Targeting Clonal Dynamics in Human Cancers
Just as species in an ecosystem evolve, so do human cancers. This capacity to change over time contributes to the emergence of drug resistance and even metastasis. In fact, if patients with micro-metastatic disease (cancers that spread to other sites in the body and form miniscule tumours) are not treated properly, it inevitably causes drug resistance, just as partially treated bacterial infections lead to antibiotic resistance.
As Canada Research Chair in Molecular Oncology, Dr. Samuel Aparicio is trying to gain an understanding of the processes that underlie this behaviour by examining the clones of cells in cancer. He is focusing on hard-to-treat cancers such as triple-negative breast cancer and ovarian cancer and seeking to apply his finding to other cancers such as lung and pancreatic.
Aparicio and his research team are taking two convergent approaches.
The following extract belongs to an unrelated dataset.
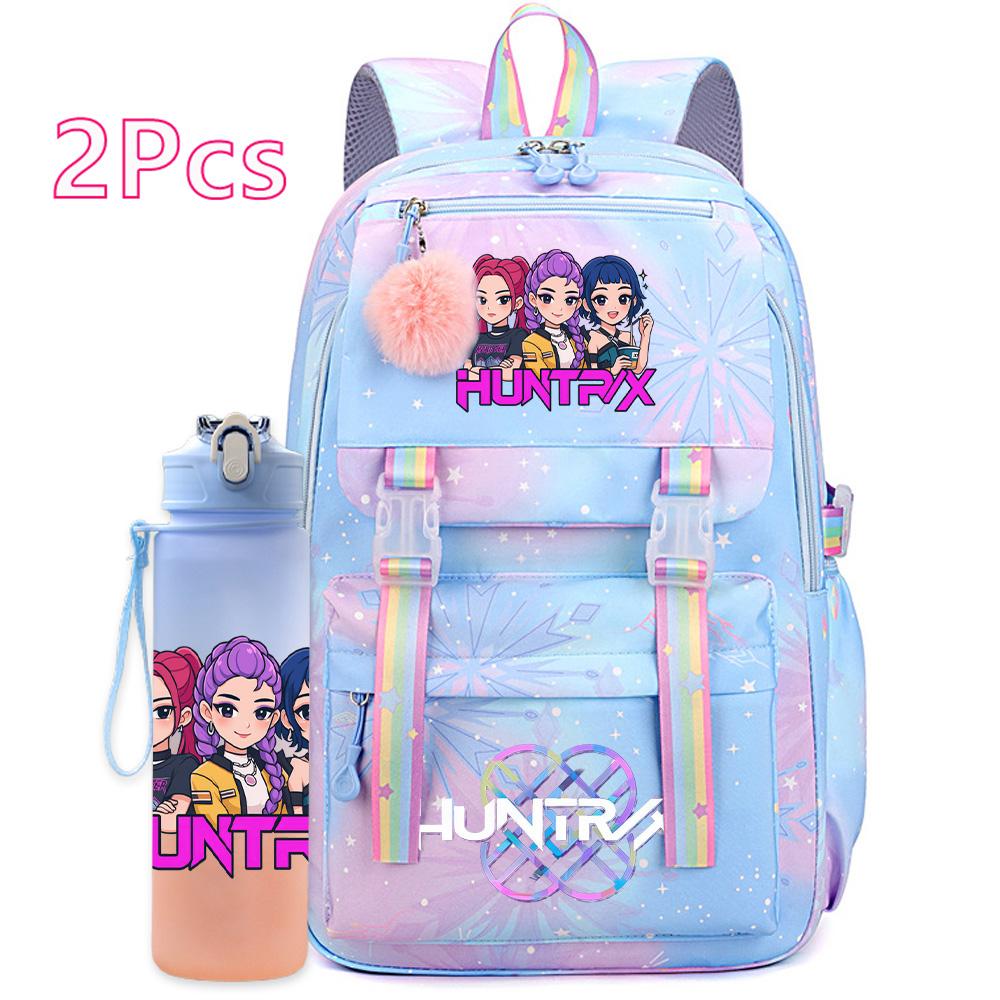 2 ks/sada Roztomilý Anime Kpop Potištěný Batoh s 750ml Lahví na Vodu Cestovní Taška s Velkou Kapacitou pro Dívku Teenagera Chlapce Školní Taška Dětský Dárek Mochila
In the first, they are combining genomics, and statistical and computational (article intelligence) approaches to examine clonal populations, with the aim of shedding light on the genetic factors responsible for drug resistance.
At the same time, they are also generating small molecule compounds—precursors of drugs—to explore ways of stopping cancers from evolving. To do this, they are using information about genetic factors of resistance to engineer therapies that will avoid causing tumours to evolve.
Ultimately, Aparicio hopes his research will help to identify drug-like molecules that have the potential to be developed as anti-cancer agents.